On Tuesday, October 22, the Body of Banks’ Chief Executive Officers (BOBCEO) issued a statement in which it distanced itself from the actions of the telco. The banks basically said MTN was acting on its own and they (the banks) had not asked telcos to charge customers.
They said the decision “on whether, and what amount, to charge a customer for accessing USSD is entirely that of the telco company, in the same way a customer is billed for calls, SMS, and data”.
It baffled Nigerians how the telco could have been acting entirely of its volition on such a sensitive matter. And anybody who was sceptical about the denial from the banks would have had their doubts justified when a document obtained by The Cable in the later hours of that same Tuesday showed that idea of end-user USSD billing was actually from the banks.
Not to get too hung up on semantics, but even though they didn’t “ask” the telcos to go ahead with it, they sure as hell came up with it.
As reported by The Cable, in a letter to the Association of Licensed Telecommunications Operators of Nigeria (ALTON) by the BOBCEO dated September 16, 2019, the bank MDs had proposed an “orderly implementation” of end-user billing for bank customers, “aligning with the standard practice for USSD billing.” That letter was signed by 13 banks.
And why did the banks propose this?
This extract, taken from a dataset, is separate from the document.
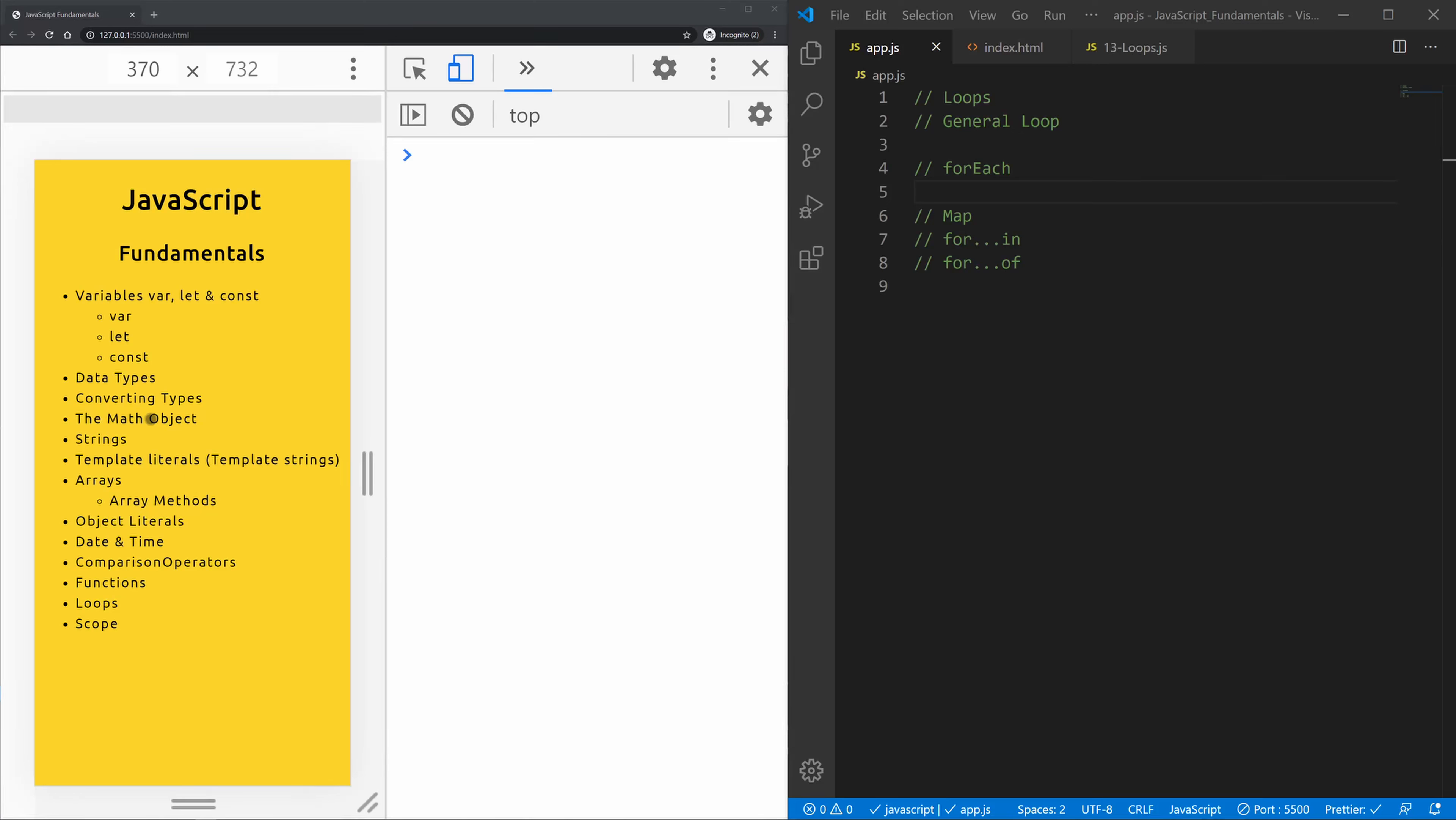In this video we're going to learn about forEach which is a method. The method calls a function once for each element in an array in its order. Please note that the function is not executed for array elements without values.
Simple. The telcos, who provide the platform for the USSD service, had proposed to take a cut of NGN 4.50 per 20 seconds from the charges paid by customers to the banks.
It is well known that instant funds transfer (intra-bank) cost between nothing to as much as NGN 20.00 plus VAT for some Nigerian banks. While interbank transfers attract a charge of up to NGN 52.00 plus VAT. The telcos simply wanted the banks to give them a share of that money.
Essentially, the banks kicked against it, alleging that it would raise the cost by 450 percent. By their reckoning, this would crush the financial inclusion strides made by banks which has “helped to include almost 20 million more citizens in the financial system by building services that run on USSD.”
The above is quite a decent argument but what is not decent, however, is the idea of passing on the burden to the end-users.
“We are proposing an orderly implementation end-user billing for bank customers, aligning with the standard practice for USSD billing,” reads a part of the letter from the banks to the telcos.
It also reads:
“We trust that on understanding our concern, and the perilous impact that your stated actions will have on the National Financial Inclusion Strategy, you will implement end-user billing to ensure customers have a fair deal and a choice.”
The banks argued that reverse billing by multinational telcos has no visibility on actual sessions used which would cause bans to pay for failed sessions and leave them exposed to “spurious USSD usage that would increase costs.”
Again, another fair point. But then, again, what’s not fair is thinking it would be fair for customers to bear that burden.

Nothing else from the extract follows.